───── Information supplied ─────

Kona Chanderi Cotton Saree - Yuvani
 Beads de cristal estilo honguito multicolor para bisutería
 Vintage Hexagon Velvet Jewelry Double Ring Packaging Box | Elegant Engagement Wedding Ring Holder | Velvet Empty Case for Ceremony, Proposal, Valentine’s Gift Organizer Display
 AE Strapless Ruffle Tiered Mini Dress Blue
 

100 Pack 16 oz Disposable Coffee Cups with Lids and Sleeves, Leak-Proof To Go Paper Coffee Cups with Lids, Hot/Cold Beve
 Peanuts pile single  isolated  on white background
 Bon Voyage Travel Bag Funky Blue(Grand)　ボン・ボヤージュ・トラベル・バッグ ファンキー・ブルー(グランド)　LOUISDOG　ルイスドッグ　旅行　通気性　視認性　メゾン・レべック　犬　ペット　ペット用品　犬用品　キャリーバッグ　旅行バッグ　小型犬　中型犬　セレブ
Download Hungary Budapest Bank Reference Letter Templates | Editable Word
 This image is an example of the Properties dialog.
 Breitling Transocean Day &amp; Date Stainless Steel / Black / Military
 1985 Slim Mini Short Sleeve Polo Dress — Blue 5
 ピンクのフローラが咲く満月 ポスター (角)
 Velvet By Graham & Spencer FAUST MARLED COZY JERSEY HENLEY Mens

─────

▶ Your objective
Repeat verbatim the line holding "ピンクのフローラが咲く満月 ポスター (角)" and all lines after it, up to the end of the material.

▶ Task response
 ピンクのフローラが咲く満月 ポスター (角)
 Velvet By Graham & Spencer FAUST MARLED COZY JERSEY HENLEY Mens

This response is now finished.